First of all, I would like to acknowledge that I recognize the tendency of my previous Game Logs on Ratchet and Clank to reflect the game in a somewhat negative light. In truth, the game is actually of very high quality and I could tell throughout my playthrough that it was made with great care. While the game’s lack of a sense of self may have thrown me for a loop and caused me to reflect, I still found that my overall experience was positive. When the time came for me to research what has been written about Ratchet and Clank, I sought to investigate reasons behind why the game was still able to provide me with entertainment despite some of its narrative quirks.

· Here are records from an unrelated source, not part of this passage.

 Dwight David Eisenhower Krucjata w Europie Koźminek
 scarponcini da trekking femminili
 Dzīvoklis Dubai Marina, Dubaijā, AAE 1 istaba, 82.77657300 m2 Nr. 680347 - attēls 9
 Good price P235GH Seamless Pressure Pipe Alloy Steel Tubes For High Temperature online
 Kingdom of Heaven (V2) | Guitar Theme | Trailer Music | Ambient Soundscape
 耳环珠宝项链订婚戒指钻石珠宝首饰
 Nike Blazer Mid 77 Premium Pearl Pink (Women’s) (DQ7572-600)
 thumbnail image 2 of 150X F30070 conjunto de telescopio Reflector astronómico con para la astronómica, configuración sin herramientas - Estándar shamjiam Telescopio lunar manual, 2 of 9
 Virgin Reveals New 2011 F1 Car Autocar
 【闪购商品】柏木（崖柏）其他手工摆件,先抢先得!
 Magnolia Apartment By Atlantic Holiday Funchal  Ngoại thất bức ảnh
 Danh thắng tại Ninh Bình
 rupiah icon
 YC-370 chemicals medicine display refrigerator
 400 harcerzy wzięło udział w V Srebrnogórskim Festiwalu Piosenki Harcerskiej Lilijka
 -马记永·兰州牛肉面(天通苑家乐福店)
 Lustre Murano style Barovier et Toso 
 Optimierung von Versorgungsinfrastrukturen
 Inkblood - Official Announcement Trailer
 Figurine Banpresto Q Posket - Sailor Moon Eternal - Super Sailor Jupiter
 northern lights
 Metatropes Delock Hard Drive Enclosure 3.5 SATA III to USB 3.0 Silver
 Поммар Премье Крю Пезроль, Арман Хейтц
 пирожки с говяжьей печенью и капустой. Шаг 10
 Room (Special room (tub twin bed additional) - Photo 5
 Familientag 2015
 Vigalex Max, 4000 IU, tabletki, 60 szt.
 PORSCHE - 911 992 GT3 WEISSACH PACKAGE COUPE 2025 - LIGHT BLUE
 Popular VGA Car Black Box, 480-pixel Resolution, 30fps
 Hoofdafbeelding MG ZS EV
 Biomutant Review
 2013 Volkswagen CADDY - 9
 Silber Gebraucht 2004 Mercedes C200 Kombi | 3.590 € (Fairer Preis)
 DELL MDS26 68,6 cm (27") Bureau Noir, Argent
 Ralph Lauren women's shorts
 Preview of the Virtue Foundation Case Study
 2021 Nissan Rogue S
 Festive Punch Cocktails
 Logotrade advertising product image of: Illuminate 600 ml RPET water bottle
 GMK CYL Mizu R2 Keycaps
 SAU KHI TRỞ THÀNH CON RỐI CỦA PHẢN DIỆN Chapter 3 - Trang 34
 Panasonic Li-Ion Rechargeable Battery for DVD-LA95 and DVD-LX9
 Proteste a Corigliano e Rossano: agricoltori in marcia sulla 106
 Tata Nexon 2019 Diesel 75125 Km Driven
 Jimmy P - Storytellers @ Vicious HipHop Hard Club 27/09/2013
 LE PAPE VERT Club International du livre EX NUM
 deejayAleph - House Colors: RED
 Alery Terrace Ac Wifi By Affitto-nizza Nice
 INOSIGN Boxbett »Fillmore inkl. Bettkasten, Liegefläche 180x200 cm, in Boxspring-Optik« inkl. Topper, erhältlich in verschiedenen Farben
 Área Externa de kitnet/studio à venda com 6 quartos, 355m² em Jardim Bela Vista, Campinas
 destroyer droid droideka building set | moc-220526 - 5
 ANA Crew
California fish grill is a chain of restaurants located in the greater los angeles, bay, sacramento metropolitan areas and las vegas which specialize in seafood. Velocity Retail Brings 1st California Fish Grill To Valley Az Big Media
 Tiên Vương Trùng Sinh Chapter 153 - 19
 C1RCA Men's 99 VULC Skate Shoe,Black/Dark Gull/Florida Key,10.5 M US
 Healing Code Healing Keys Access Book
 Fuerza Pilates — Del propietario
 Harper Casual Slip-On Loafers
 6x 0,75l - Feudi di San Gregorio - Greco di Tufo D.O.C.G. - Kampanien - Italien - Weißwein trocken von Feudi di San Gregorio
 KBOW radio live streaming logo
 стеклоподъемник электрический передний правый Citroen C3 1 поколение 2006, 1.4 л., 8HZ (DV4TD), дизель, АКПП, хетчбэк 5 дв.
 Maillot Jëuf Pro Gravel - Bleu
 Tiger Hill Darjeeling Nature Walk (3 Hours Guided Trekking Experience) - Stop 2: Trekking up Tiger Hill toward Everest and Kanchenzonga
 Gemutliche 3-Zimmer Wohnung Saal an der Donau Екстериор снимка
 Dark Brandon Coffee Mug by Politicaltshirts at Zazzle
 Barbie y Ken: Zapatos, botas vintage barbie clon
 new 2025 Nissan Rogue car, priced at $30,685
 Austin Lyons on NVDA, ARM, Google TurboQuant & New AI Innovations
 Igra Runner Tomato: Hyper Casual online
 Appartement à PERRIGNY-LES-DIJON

I ended up finding the answer to this question in James Paul Gee’s piece “Learning by Design: Games as Learning Machines,” in which he reflects on how the fun nature of games can effectively teach players specific skills. Part of his investigation discusses the reasons behind why certain games are entertaining, and a previous installment of Ratchet and Clank, entitled Ratchet and Clank: Going Commando (2003), serves as one of his primary examples. Gee characterizes Ratchet and Clank as a game that is “pleasantly frustrating,” one that gives players a sense that they have the ability to overcome a game’s challenges with practice. As Gee writes, players of “pleasantly frustrating” games feel “at the outer edge of, but within, their ‘regime of competence.’ That is, these challenges feel hard, but doable. Furthermore, learners feel—and get evidence—that their effort is paying off in the sense that they can see, even when they fail, how and if they are making progress” (19). When I think back on my time playing Ratchet and Clank, I find that this sense of achievable progression served as both a source of enjoyment and the primary motivator behind why I continued to press on through the levels. In fact, I ended up playing Ratchet and Clank for double the amount of time I played Bioshock or The Walking Dead for these Game Logs, as I found myself constantly challenged by Ratchet and Clank in a way that pushed me forward. Eventually, I had to force myself put down the controller in order to take care of other work.
Gee lists Halo as an example of another game that stands in the “pleasantly frustrating” category, an assessment that I fully agree with. The original Halo is one of a my favorite games, and my ability to play through it on Legendary difficulty is one of my proudest gaming achievements. What I loved about Halo was that each level was separated into a progression of rooms, with checkpoints situated between each section. With death after death, I would come to know exactly which enemies were in the room and which actions I needed to take in order to dispatch them. Eventually, I would develop an exact routine for how to deal with a room, one that involved a series of steps that needed to be performed in a precise order (throwing a grenade at a specific angle right before meleeing an unsuspecting elite and sprinting towards a rocket launcher, for instance). Like a videogame version of Bill Murray from Groundhog Day, repeated deaths would turn me into a master of the level, and this sense of absolute expertise was incredibly satisfying when it led to victory.
While Ratchet and Clank did not give me the extreme enjoyment that Halo did, it still managed to use the pursuit of expertise as one of its primary mechanics as a “pleasantly frustrating” game. Ratchet and Clank is not a hard game, but it does offer some challenging scenarios that require multiple attempts. In these moments, like in Halo, I was forced to use death as my ally as I developed a strategy for overcoming the challenge. I think this accounts for much of the enjoyment I felt while playing Ratchet and Clank, and why I was able to look past my initial grievances and play for much longer than I had anticipated.
Gee, James Paul. “Learning by Design: Games as Learning Machines.” Interactive Educational Multimedia 8 (2010): 15-23.